When Do Prediction Markets Beat the Common Wisdom?:
Over at the Chicago Faculty Blog, Cass Sunstein has an interesting post on prediction markets. Commenting on the broad coverage of the fact that prediction markets didn't predict that Hillary would win the New Hampshire primary, Cass notes the possibility that skepticism about prediction markets may result from the availability heuristic. That is, when a prediction market predicts a low probability of something and that event occurs, observers may see that as the prediction market not "working" rather than it being an instance in which a low probability event did indeed occur. He concludes:
To be sure, we are continuing to obtain information about how prediction markets perform and when they do well and poorly. Perhaps they will turn out to be less reliable than they seem -- and in all likelihood, we will obtain a better understanding of when they work. And of course no one has a crystal ball. But . . . if you want to have a sense of the probabilities, you'd probably do best to consult Intrade.

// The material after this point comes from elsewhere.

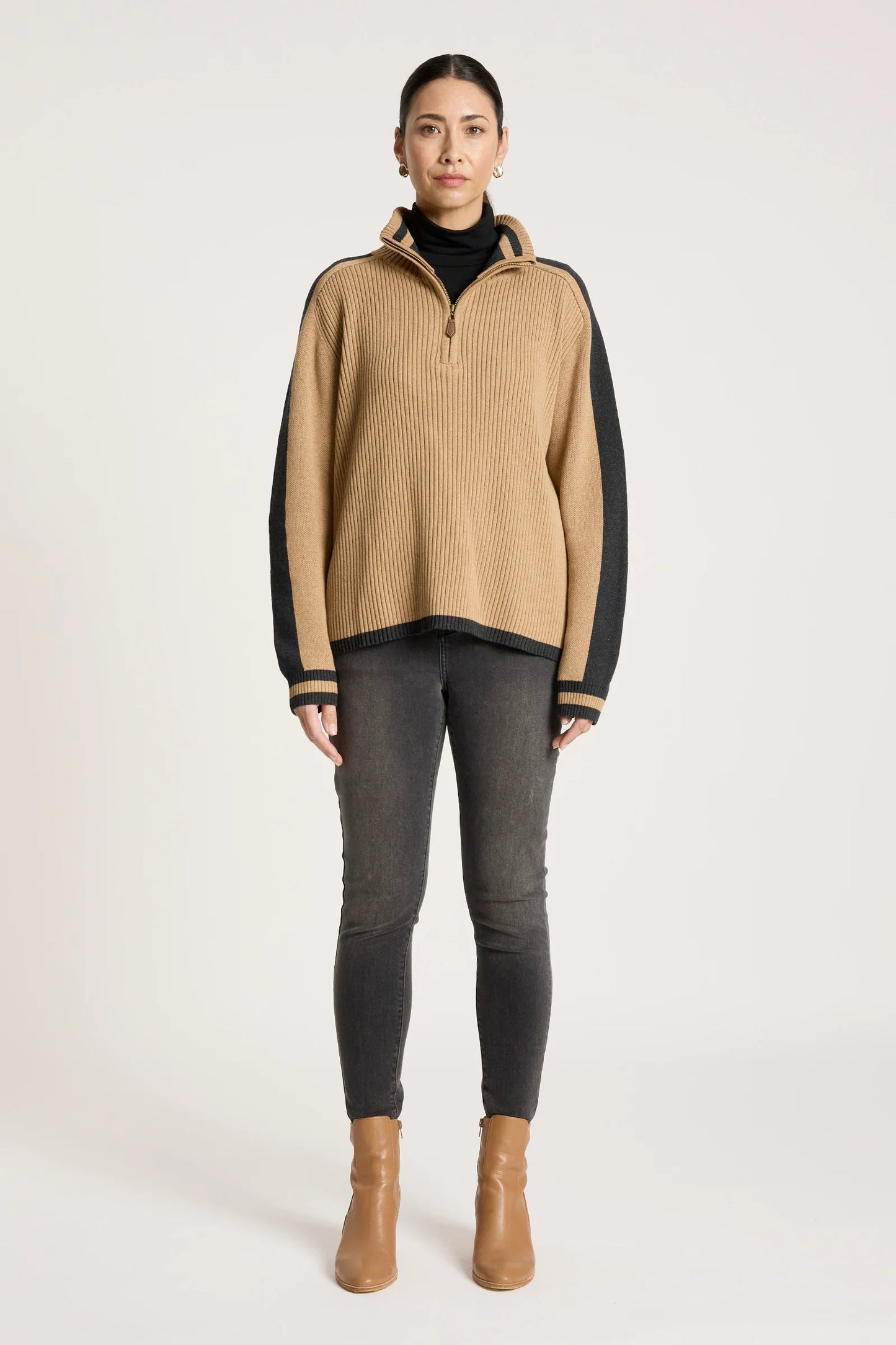 EB+IVE - Liora Zip Jumper - Mocha/Char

  Perhaps that's right. At the same time, I would think prediction markets will tend to beat the common wisdom only when there are people actively participating in the market who have better knowledge than a reasonably informed member of the public. And for the most part that usually won't be the case when the future event is a subject of intense media speculation like an election.

  The problem with prediction markets in elections is that the media and the public are already obsessed with predicting the outcome of elections. Everyone loves the horse race. Those who have particularly deep insights into who will win elections -- assuming those people exist -- already are eager to share them with the world, and the media is eager to broadcast their views.

  If the market for experts is competitive, the experts who are the best predictors will end up having the most impact on the common wisdom about the election. In that setting, there's no particular reason to think prediction markets will beat the common wisdom instead of just reflecting it.